Spending this time among the Uzbek people was so insightful for me. No one can get a sense of a people’s culture from a meeting in an office. No one can begin to understand a complicated, courageous, wondrous society from a video teleconference on the other side of the world. Instead, to truly to begin to understand Uzbekistan, you must see the dances and hear the songs of its many regions, you must see the sweat of the horses competing in Kopkari, you must observe the incredible Registan architecture.

During my visit, I was so intrigued with the skill, athleticism, and toughness of the Kopkari players that I committed to returning this year during the cooler months to participate in a game myself.

These cultural engagements in Samarkand were perfect for me, as were today’s discussions. After all, my priority here was the establishment of relationships that we will need as we build on the security of the region. Uzbekistan is a leader in the region and security of Uzbekistan is security of the region.

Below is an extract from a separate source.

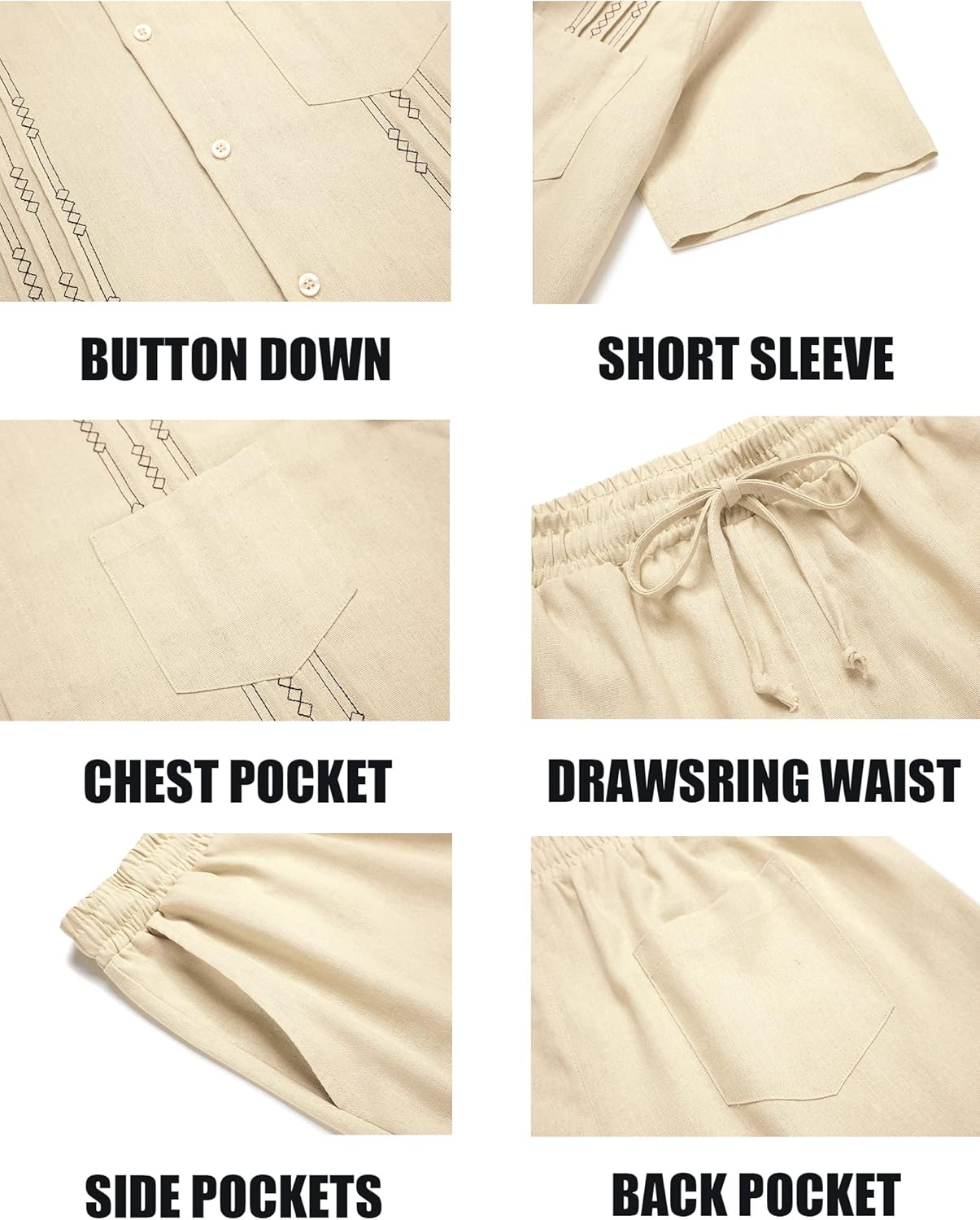 COOFANDY Men Linen Sets Outfits 2 Piece Short Sleeve Cuban Shirts Guayabera Linen Suit - Image 5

This visit is part of what I refer to as my “listening tour”: visits to the countries in the CENTCOM Area of Responsibility. I want to hear from each country’s leadership about the threats they face, the gaps in the relationship, and most importantly, the opportunities ahead to strengthen our partnership. At the end of this tour, I will submit my 90-day assessment to the US leadership. This is an initial written review of my observations in the region. As I am writing the assessment, I want to ensure it represents more than my sole voice, that it also includes the voice of our Uzbek partners and diplomats. So, I have been making my observations, but not from our headquarters in the United States; from in-person and face-to-face.

My two-day visit here also included formal meetings and candid discussions with the top leaders in Uzbekistan. Throughout all these activities, events, and engagements, I was accompanied by General Major Khalmuhamedov, Chief of the General Staff. At each stop, to include throughout our tour of Samarkand, we discussed many important issues of concern for both of our forces.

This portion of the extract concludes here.